Financial advisers who want to maximize a wealthy client's tax-free estate have a simple yet often overlooked strategy handy that essentially doubles the amount avoiding taxation at death.
The strategy, called portability, applies to married couples. When one spouse dies, portability allows the surviving spouse to inherit the decedent's estate-tax exemption, which is currently $11.4 million for individuals.
The surviving spouse would therefore be able to shield $22.8 million from the 40% federal estate tax when it passes to heirs upon death, instead of $11.4 million.
"It doubles the amount you can pass on estate-tax free," said Charlie Douglas, who runs an Atlanta-based family office.
The strategy could save clients a bundle of money. Consider a married couple with a $16 million estate, split evenly between a husband and wife. If the husband dies first and there's no portability, the estate would owe federal tax on $4.6 million of the estate when the wife dies ($16 million minus the wife's $11.4 million exemption). That amounts to a $1.84 million tax bill. With portability, however, the estate wouldn't owe any tax — due to the wife's $22.8 exemption.

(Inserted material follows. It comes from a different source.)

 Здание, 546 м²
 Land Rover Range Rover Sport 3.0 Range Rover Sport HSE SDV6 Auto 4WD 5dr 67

But clients must file tax form 706 within nine months of the first death in order to elect portability. (There's also a six-month extension to file.) Despite the benefits, advisers and clients often forget to take this step, said Ed Slott, founder of Ed Slott & Co.
"I don't think they address it until it's too late," he said.

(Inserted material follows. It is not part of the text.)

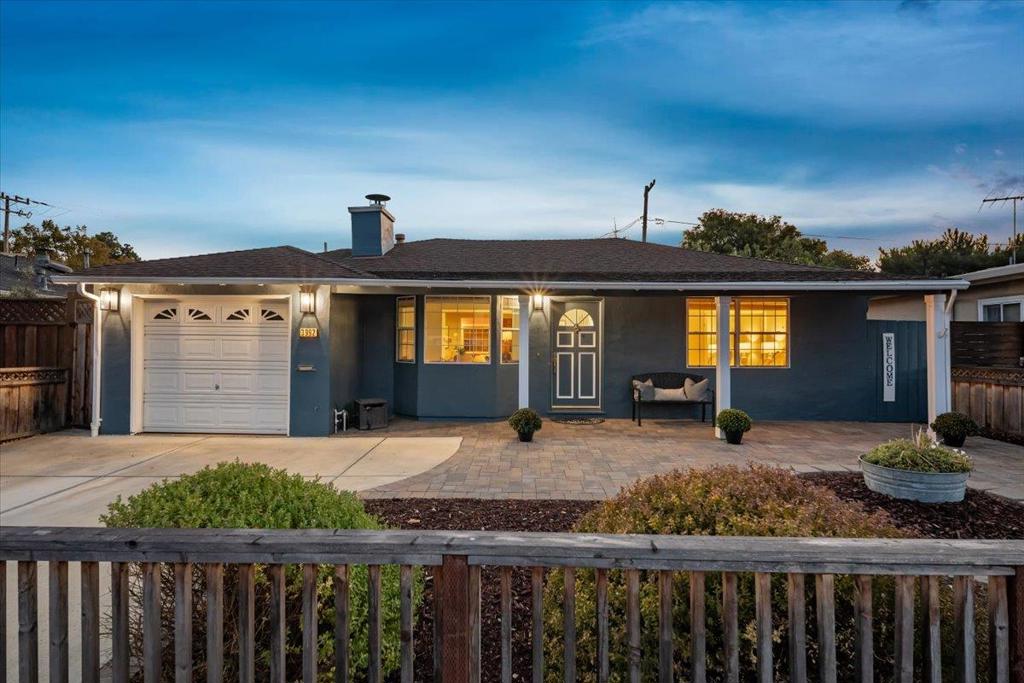 3992 Pasadena Drive Property Photo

Portability was codified by the Tax Relief, Unemployment Insurance Reauthorization and Job Creation Act of 2010. Prior to that, clients could only pass on their estate-tax exemption by using credit shelter trusts.
The 2017 tax law vastly increased the amount an estate can pass on tax-free — the exemption doubled to $11.18 million in 2018 from $5.49 million the prior tax year.
Many advisers may be unconcerned about portability given the current higher thresholds, since only the extremely wealthy will owe federal estate tax. However, the thresholds are set to revert in 2026 — which would cut them in half again. This impending change gives advisers added reason to pay attention more now than in the past, experts said.
"That changes [the calculus] a bit," said Mr. Douglas. "[Portability] is one of those sleepy things at the moment for all but the uber wealthy. But I think for the moderately wealthy, somewhere between $5 million and $10 million, it might make some sense to look at portability."
Plus, there's reason to elect portability even if an estate wouldn't currently be taxable.
"You don't know what [the exemption] might be in the future," Mr. Slott said. "What if you live 30 years and [the deceased spouse] left you just $1 million or $2 million, but in 30 years it's worth $50 million? You don't know what it might appreciate to. Why not lock it in? It's a freebie."